Wolle, egal aus welchem Material, ist nun einmal ein Textil und hat damit häufig auch dieselben sozialen Probleme, wie das Shirt für 5€ bei H&M: Kinderarbeit und Ausbeutung der Arbeiter*innen. Aber nicht nur Menschen kommen bei der Produktion unserer Wolle zu schaden, vor allem auch die Tiere leiden häufig darunter. Das Stichwort lautet Mulesing.

Schafe werden heutzutage mit möglichst vielen Hautfalten gezüchtet, um mehr Wolle zu produzieren. Um aber einen Befall mit Fliegenmaden zu verhindern, wird den Schafen die Haut am und um den After ohne Betäubungsmittel entfernt, damit sich dort glattes Narbengewebe bildet. Brutal und grausam! Das Verfahren ist in Deutschland zum Glück verboten, ist in Australien und Neuseeland aber noch immer gängige Praxis. Eben genau da, wo die meiste Wolle her kommt.

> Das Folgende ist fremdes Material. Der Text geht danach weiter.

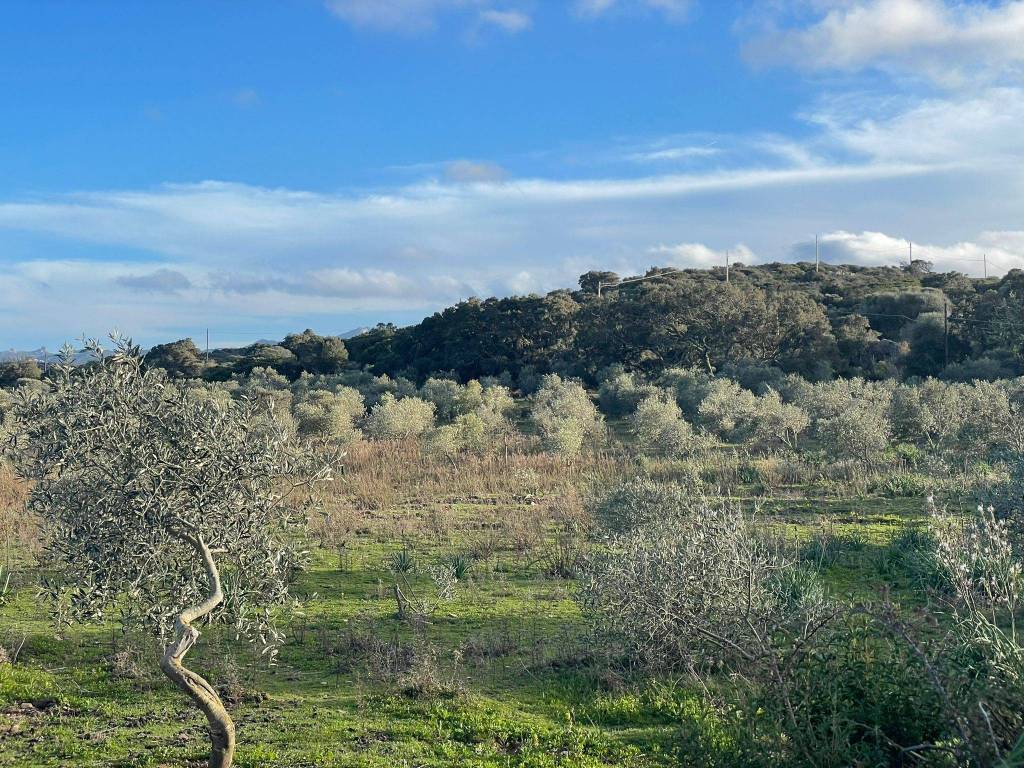 Terreno a Aglientu - Foto 2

Auch die Schur selbst ist für die Tiere oft sehr stressig und schmerzhaft. Die Arbeiter*innen werden häufig nicht nach Zeit, sondern nach Wollgewicht bezahlt, das heißt, sie schubsen und treten die Tiere und oft kommt es zu Verletzungen, die sich entzünden können.

Nun lieben wir alle bunte Wolle, oder? Auch nicht ganz ohne. Denn bei der Färbung kommen umweltschädliche Chemikalien zum Einsatz. Wolle muss wie so viele Textilien häufig vor dem Färben gebeizt werden, damit die Fasern aufgebrochen werden und so die Farbe besser halten kann. Ein leider notwendiges Verfahren, wenn man eine andere Farbe als die Naturfarbe haben möchte.

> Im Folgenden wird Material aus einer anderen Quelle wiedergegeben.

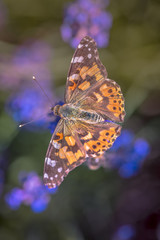 insecte papillon orange seul sur une fleur violette en gros plan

Zum Glück aber gibt es praktikable und umweltschonende Alternativen!

Durch das Paradox, dass Wolle in Deutschland als Abfallprodukt gilt, ist Wolle aus Deutschland erstaunlich billig. Da zahlt eins gut und gerne mal schlanke 4,50€ für 100g naturbelassener Schurwolle, wo eins anderswohl für dasselbe Produkt gern das Doppelte hinblättert. Ich bin aus allen Wolken gefallen, als ich die Preise sah, weil ich mit wesentlich mehr gerechnet habe!

Schafe sind in Deutschland essentiell für den Erhalt unserer Kulturlandschaften. Und Schafe produzieren kuschelige Wolle. Win win! Eins muss sich nur ein klein wenig umsehen und findet sehr schnell eine lange Liste an Schäfereien, die ihre Wolle verkaufen, gerne auch mit angeschlossener Spinnerei, die die verarbeitete Rohwolle unter die Leute bringt. Es gibt eine ganze Reihe bedrohter Schafsrassen, viele dieser Schäfereien setzen sich für den Erhalt dieser Rassen ein. Habt ihr schon einmal die Wolle des Coburger Fuchsschafs gesehen? Sie hat einen wunderschönen Goldton!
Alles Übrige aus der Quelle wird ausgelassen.